The cystic wall contained a few pancreatic duct epithelium associated with fibrosis and inflammation. Finally, there were no granulocytic epithelial lesions of the wall.According to all these findings, the diagnosis of lymphosclerosing pancreatitis associated with multiple pancreatic pseudo-cysts has been retained.A measurement of the IgG and IgG4 serum-levels have been achieved to complete the criterion diagnosis; they were within the normal range: respectively 12, 3 g/l (7, 00-16, 00) and 0,580g/l (0,039-0,864).

Discussion

AIP first described by Sarles et al in 1961 as a primary inflammatory sclerosis of the pancreas [1, 2]. AIP is a rare disease; the estimated incidence is approximately 0,82 per 100 000 in Japan. This value is also low in western nations. The increased diagnostic modalities (radiological and serological) can explain the rise of incidence and help to differentiate AIP from malignant pathologies [1- 4]. However, AIP accounts for approximately 27% of Whipple resections done for suspicious pancreatic adenocarcinoma [5].

In a Korean study including 67 patients of AIP, 12 patients were operated due to false diagnosis of pancreatic carcinoma [6].

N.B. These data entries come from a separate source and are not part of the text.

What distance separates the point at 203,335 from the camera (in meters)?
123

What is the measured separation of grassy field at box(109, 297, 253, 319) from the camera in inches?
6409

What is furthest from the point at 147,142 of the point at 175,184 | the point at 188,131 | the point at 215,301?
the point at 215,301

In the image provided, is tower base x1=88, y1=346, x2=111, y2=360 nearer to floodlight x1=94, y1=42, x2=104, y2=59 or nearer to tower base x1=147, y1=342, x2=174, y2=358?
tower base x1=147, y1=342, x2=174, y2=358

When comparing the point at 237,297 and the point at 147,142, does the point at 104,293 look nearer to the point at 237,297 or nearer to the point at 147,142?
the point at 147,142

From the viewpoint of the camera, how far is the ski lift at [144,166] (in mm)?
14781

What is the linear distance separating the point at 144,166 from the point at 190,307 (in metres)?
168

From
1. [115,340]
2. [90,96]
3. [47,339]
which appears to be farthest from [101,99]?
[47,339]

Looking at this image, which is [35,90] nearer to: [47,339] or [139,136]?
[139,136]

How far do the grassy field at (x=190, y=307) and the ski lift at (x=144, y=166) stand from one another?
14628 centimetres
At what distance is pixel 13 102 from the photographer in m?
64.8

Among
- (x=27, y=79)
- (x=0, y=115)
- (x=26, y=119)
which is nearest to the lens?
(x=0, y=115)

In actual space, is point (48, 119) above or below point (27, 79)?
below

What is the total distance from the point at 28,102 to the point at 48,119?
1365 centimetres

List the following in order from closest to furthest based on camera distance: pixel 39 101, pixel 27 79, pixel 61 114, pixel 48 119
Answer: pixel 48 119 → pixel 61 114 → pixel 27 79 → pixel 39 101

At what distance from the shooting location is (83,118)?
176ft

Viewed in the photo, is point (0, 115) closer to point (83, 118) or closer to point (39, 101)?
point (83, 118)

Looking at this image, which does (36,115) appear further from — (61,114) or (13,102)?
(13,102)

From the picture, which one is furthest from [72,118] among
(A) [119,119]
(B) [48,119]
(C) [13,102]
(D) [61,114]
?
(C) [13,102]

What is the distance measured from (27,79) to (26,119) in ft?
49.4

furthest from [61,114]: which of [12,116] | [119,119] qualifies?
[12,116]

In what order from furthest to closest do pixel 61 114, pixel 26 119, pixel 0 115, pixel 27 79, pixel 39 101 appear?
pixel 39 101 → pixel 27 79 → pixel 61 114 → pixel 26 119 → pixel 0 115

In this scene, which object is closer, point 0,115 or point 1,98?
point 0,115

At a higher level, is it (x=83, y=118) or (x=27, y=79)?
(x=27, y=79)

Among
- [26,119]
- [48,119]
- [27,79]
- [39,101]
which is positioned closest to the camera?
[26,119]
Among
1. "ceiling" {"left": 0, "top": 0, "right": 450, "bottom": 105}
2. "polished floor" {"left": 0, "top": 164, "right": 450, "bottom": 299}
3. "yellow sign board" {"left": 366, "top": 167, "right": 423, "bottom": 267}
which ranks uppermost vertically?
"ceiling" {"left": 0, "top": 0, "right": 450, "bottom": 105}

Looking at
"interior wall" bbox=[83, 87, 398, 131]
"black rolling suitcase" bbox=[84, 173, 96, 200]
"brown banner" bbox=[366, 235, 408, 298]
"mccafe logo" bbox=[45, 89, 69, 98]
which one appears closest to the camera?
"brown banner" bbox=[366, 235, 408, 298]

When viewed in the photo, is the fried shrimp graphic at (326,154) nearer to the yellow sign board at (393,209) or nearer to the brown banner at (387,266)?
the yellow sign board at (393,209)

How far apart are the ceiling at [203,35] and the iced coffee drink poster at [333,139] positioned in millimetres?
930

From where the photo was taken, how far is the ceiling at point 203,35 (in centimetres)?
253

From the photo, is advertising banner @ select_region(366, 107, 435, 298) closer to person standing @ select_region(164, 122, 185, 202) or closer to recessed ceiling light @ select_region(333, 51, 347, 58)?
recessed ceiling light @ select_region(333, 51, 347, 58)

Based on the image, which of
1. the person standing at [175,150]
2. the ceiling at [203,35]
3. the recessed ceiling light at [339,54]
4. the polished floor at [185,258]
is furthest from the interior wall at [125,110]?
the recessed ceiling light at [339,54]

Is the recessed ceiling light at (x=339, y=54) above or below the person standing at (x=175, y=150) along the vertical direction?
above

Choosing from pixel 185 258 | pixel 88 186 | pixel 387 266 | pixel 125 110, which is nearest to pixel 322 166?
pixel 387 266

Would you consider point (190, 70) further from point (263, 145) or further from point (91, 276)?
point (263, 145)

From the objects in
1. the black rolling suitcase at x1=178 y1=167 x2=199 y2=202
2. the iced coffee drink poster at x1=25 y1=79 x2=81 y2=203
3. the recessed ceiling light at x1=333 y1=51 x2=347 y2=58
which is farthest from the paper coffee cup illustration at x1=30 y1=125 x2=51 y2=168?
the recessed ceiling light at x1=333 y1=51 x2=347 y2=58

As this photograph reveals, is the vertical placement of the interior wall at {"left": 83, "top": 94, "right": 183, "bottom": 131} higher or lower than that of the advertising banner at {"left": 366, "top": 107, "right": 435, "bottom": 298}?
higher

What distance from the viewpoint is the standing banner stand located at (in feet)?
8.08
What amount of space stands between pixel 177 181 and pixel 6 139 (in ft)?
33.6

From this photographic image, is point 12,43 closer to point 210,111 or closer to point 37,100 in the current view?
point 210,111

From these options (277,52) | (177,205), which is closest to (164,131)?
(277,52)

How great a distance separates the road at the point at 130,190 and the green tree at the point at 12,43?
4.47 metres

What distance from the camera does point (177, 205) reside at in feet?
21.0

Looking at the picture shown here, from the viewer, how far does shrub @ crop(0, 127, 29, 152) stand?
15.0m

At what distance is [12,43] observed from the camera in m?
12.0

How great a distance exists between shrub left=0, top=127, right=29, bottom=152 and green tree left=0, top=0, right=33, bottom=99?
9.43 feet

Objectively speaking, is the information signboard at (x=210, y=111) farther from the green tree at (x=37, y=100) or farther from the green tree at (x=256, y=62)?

In the study conducted by Hammani et al, a 27 years old man presented with obstructive jaundice and radiographic image of pancreatic cancer [7]; Whipple operation was performed and histopathological examination revealed AIP. Patient respond to steroids with resolution of symptoms [7]. The most common clinical presentation of AIP is painless obstructive jaundice, which can also be confused with pancreatic cancer [5]. The most common histopathological features of AIP are irregular narrowing of the pancreatic duct, swelling of the pancreas, lymphoplasmocytic infiltration and storiforme fibrosis, and a favorable response to steroids.

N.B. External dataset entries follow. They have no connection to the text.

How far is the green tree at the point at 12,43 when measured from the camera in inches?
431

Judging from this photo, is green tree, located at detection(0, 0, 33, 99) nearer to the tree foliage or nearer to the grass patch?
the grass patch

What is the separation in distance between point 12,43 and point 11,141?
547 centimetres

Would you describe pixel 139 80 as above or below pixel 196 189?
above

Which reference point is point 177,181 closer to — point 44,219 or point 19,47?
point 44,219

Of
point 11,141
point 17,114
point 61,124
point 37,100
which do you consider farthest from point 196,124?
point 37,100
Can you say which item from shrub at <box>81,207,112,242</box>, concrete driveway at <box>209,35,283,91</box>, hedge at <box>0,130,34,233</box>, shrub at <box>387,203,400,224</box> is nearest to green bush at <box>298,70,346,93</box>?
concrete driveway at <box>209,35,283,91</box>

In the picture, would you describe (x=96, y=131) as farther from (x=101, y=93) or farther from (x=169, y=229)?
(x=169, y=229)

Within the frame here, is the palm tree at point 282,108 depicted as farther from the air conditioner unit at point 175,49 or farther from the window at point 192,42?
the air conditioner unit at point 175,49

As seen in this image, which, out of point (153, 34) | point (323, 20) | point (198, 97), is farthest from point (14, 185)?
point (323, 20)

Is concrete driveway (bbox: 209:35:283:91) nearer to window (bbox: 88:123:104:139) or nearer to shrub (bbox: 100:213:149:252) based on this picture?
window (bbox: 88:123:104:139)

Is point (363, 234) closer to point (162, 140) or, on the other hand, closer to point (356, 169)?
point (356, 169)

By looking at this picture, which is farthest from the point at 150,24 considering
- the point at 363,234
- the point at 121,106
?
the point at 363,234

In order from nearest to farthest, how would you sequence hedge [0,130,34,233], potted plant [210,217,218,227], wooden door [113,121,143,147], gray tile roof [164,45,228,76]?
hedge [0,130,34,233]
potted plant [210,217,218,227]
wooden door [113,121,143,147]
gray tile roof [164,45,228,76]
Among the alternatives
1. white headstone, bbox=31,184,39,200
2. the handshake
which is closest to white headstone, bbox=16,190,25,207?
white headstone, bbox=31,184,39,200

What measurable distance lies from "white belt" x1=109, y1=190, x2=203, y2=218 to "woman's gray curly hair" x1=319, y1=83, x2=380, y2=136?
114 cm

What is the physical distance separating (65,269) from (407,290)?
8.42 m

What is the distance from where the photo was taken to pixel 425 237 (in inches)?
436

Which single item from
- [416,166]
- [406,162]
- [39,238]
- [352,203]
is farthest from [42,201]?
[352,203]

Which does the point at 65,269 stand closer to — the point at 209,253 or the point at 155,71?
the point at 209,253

Elevation of serological IgG level is a mandatory criterion by definition [1]. Furthermore, Yoshida et al, have also reported that one of the characteristic features of AIP is the absence of pancreatic cysts [3].

The non-swelling of the pancreas associated with pseudocysts is very rare, although there are two reports of 27 cases of AIP with pancreatic pseudo cysts. In the study conducted by KAMISAWA et al in 2011, IgG4 serum levels are not elevated in about 20% of AIP patients [8]. Other studies conclude that the sensitivity of serum IgG4 elevation for diagnosing AIP varies from 68% to 81% [9]. Cystic formation been reported to be 7% in some studies [10]. All these findings considered together, the present case must be rare; the serum levels of IgG4 were within the normal range, and there was only a focal tumoral-like-swelling, and the cyst formation. This case has been diagnosed only after surgery for a radiological diagnosis of pancreatic tumor.it was very difficult to achieve diagnosis before surgery and without histological study of the specimen. Finally; Awareness of the entity and use of ancillary techniques in making the pre-operative diagnosis could have saved the patient from an extensive surgical procedure.

Conflict of Interests

All authors declare no conflict of interests including any actual or potential financial, personal or other relationships with other people or organizations within three years of beginning the submitted work that could inappropriately influence, or be perceived to influence, their work.

Ethical Issues

Approval to publish this paper with all related data re was obtained from the patient.